■ **Exercise aim**
Given the entries below, would you transcribe exactly the lines starting at the one with "Karl Lagerfeld Boodschappentas" and ending at the one with "Jeffrey Campbell - Owhat - khaki suede", both kept, pictures omitted, nothing extra?

--- Records for the exercise Enclosed Below ---

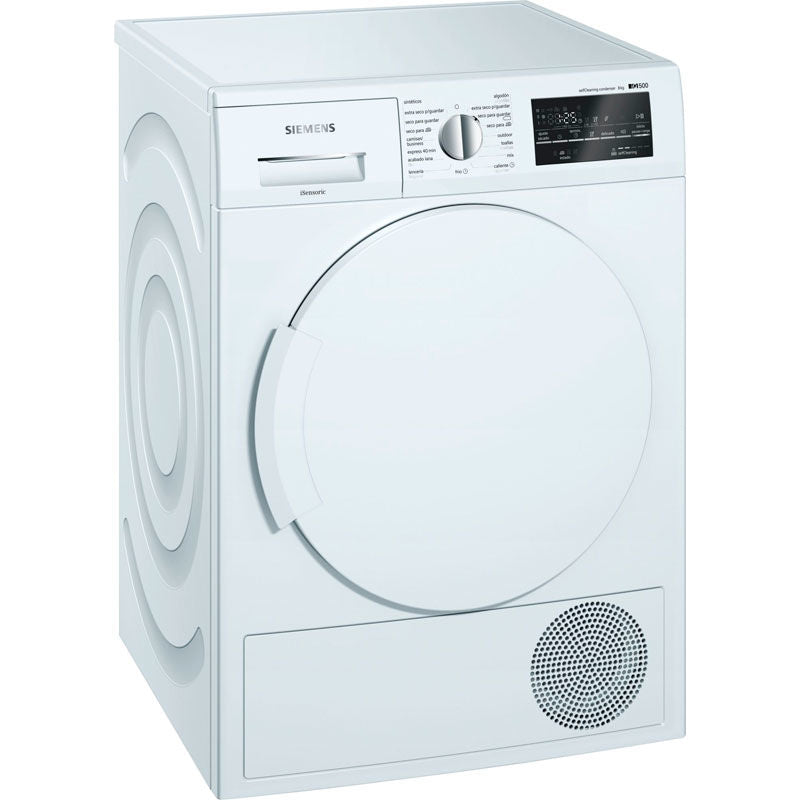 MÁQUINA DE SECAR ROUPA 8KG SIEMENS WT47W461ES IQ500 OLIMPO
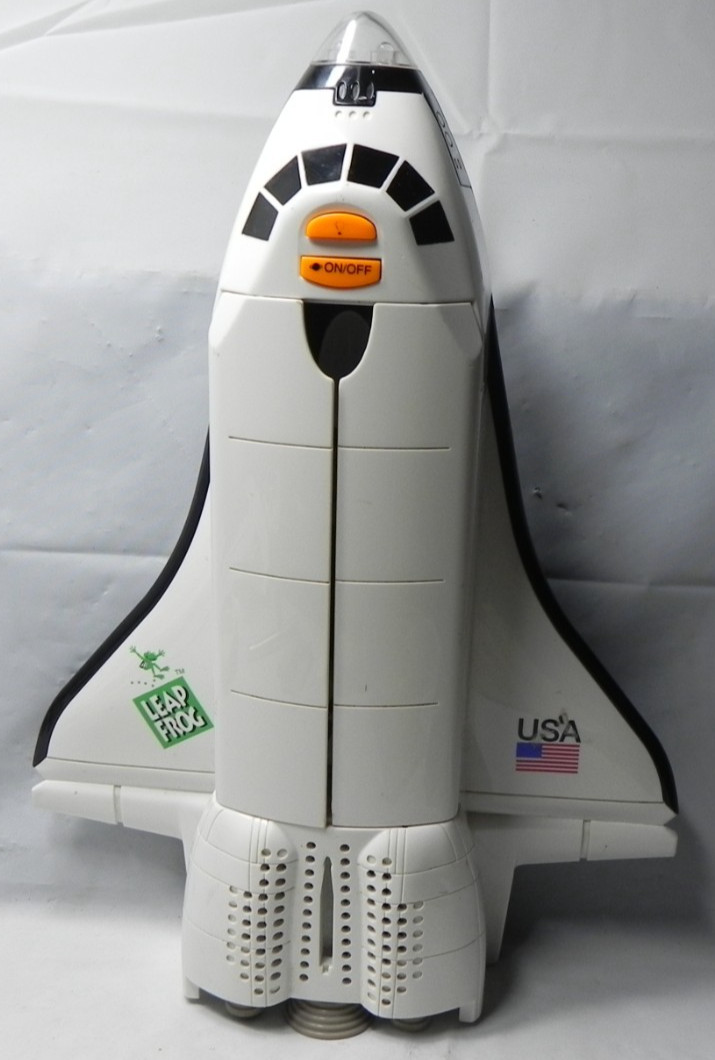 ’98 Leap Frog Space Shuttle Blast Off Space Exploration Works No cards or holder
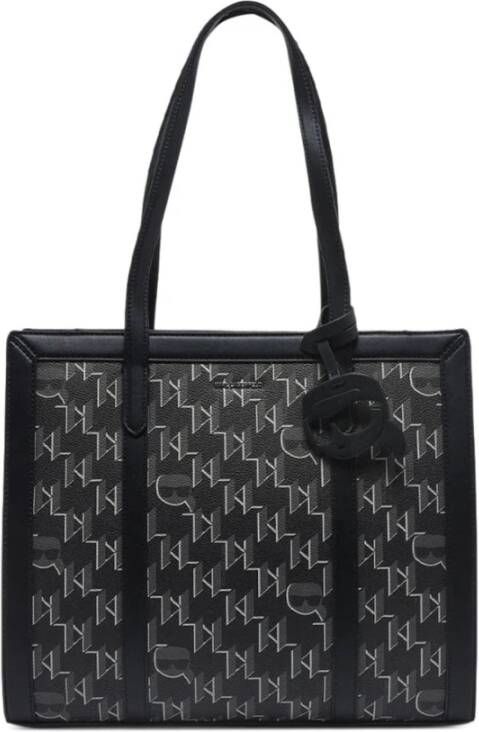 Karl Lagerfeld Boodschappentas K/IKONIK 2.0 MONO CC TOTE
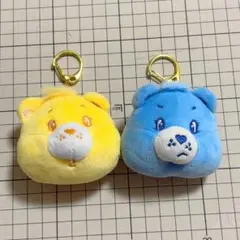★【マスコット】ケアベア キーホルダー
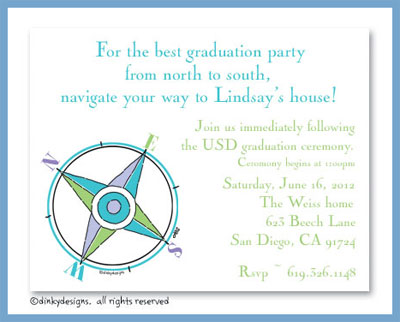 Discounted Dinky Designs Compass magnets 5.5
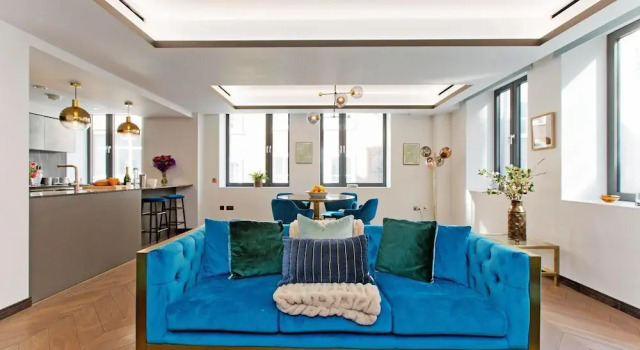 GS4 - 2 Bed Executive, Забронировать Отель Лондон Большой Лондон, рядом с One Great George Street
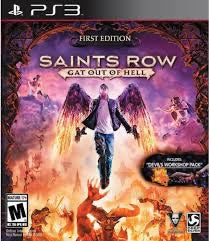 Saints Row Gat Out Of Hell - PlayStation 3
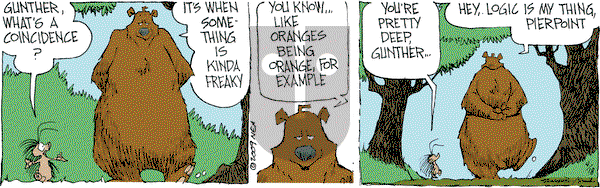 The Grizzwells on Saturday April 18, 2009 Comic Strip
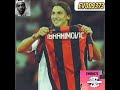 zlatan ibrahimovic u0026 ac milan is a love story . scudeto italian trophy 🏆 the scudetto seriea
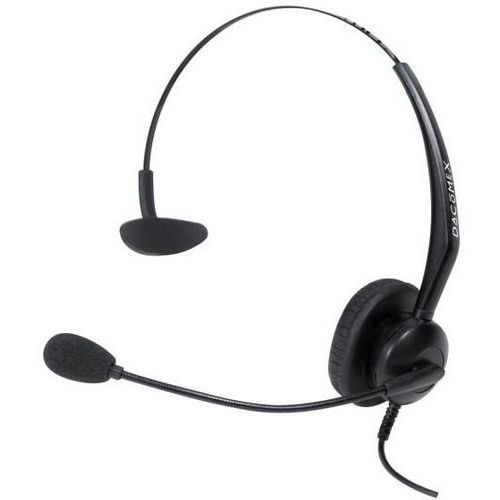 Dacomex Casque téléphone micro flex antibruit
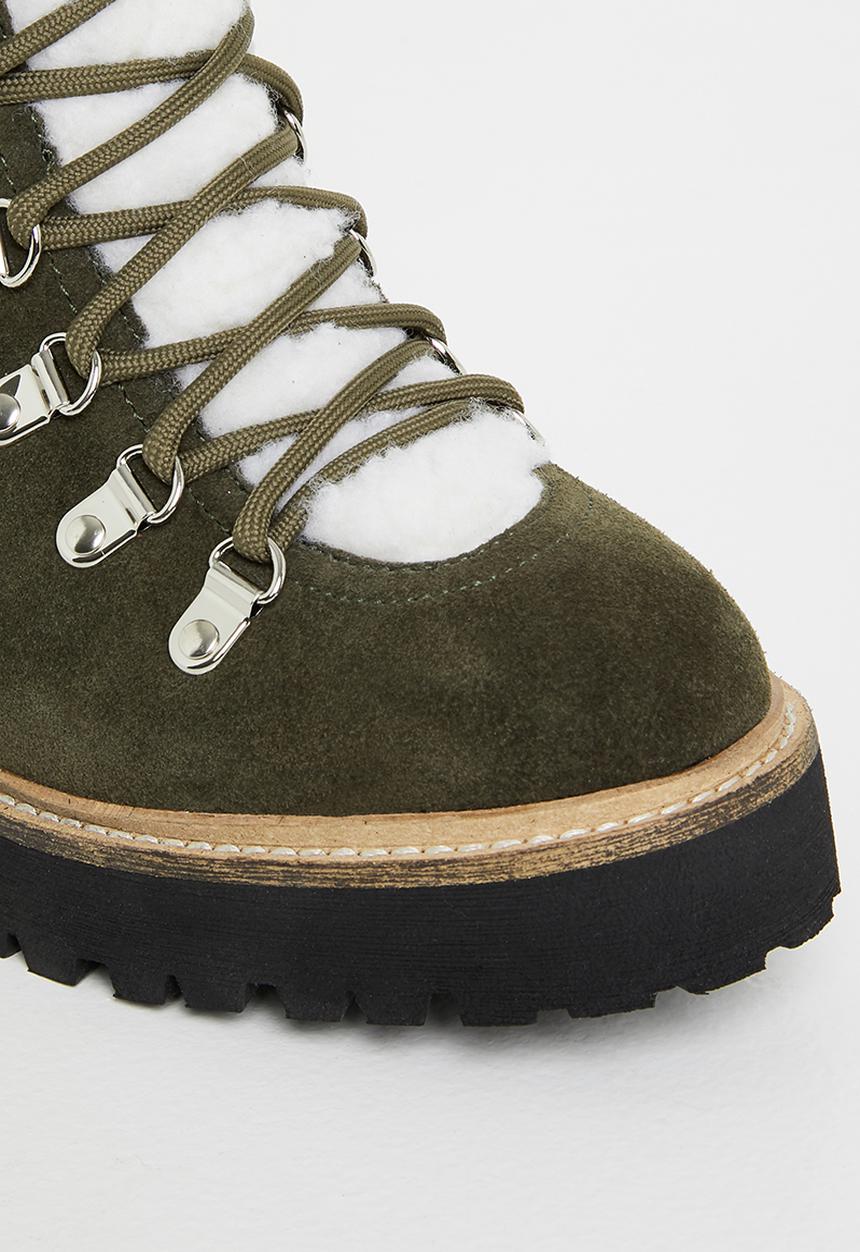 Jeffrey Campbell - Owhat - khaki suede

--- End of Enclosed Records for the exercise ---
--- Records for the exercise Enclosed Below ---

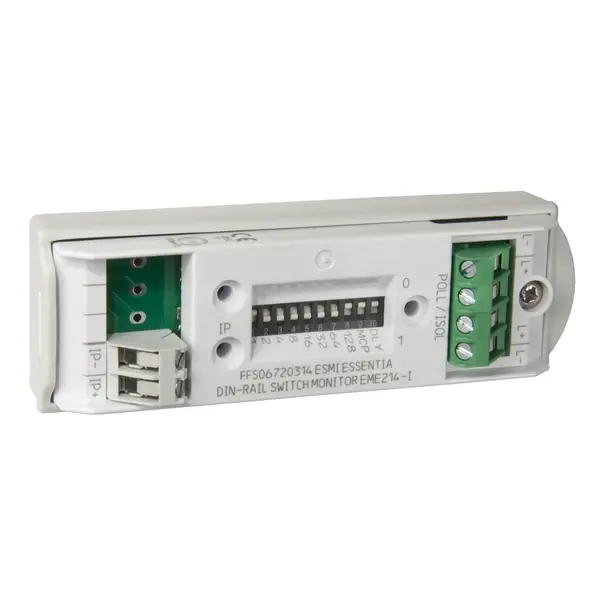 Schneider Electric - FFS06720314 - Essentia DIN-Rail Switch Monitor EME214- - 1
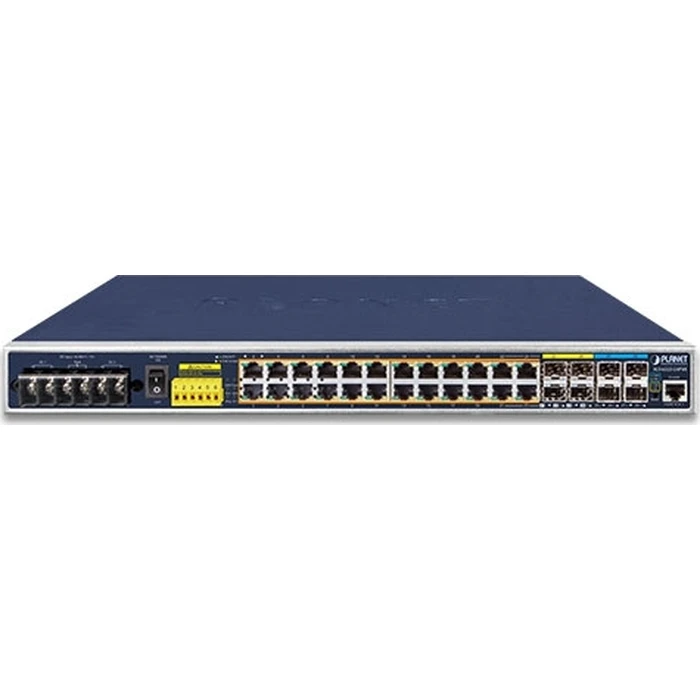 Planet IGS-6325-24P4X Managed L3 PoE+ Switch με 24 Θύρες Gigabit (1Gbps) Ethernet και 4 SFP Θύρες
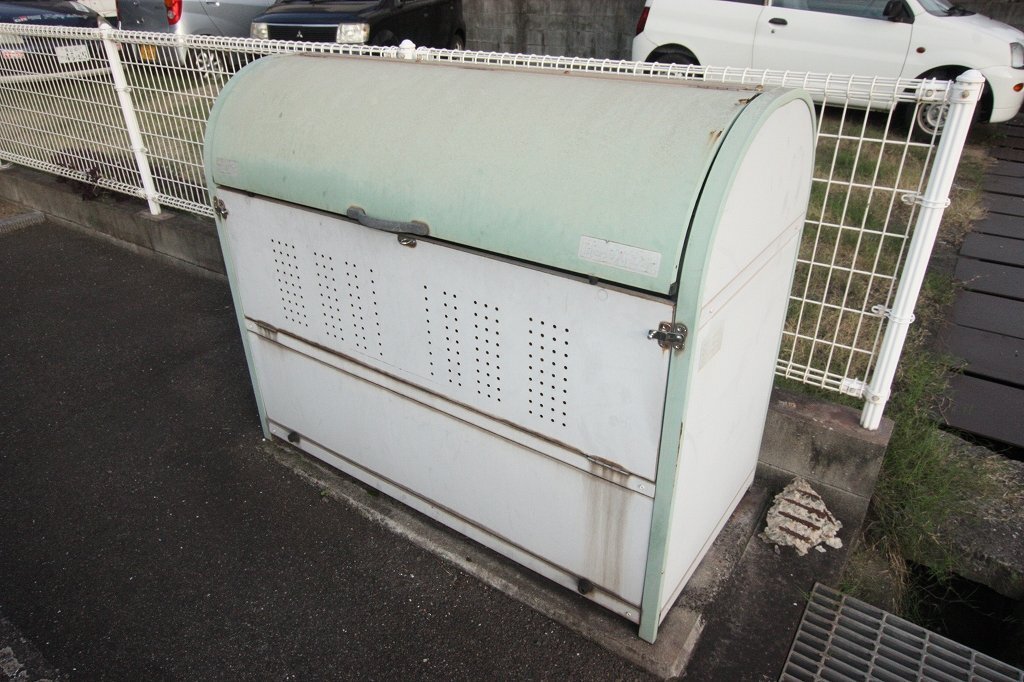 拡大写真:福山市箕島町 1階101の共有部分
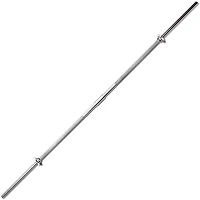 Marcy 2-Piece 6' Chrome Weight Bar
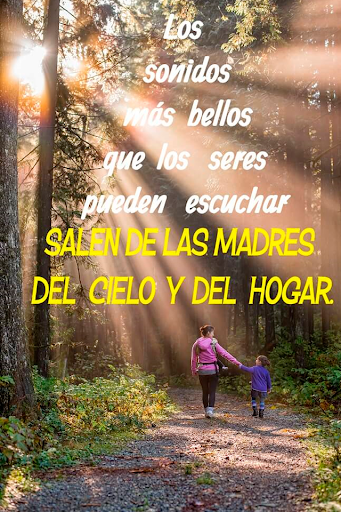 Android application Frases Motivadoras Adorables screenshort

--- End of Enclosed Records for the exercise ---

■ **Your solution**
 Karl Lagerfeld Boodschappentas K/IKONIK 2.0 MONO CC TOTE
★【マスコット】ケアベア キーホルダー
 Discounted Dinky Designs Compass magnets 5.5
 GS4 - 2 Bed Executive, Забронировать Отель Лондон Большой Лондон, рядом с One Great George Street
 Saints Row Gat Out Of Hell - PlayStation 3
 The Grizzwells on Saturday April 18, 2009 Comic Strip
 zlatan ibrahimovic u0026 ac milan is a love story . scudeto italian trophy 🏆 the scudetto seriea
 Dacomex Casque téléphone micro flex antibruit
 Jeffrey Campbell - Owhat - khaki suede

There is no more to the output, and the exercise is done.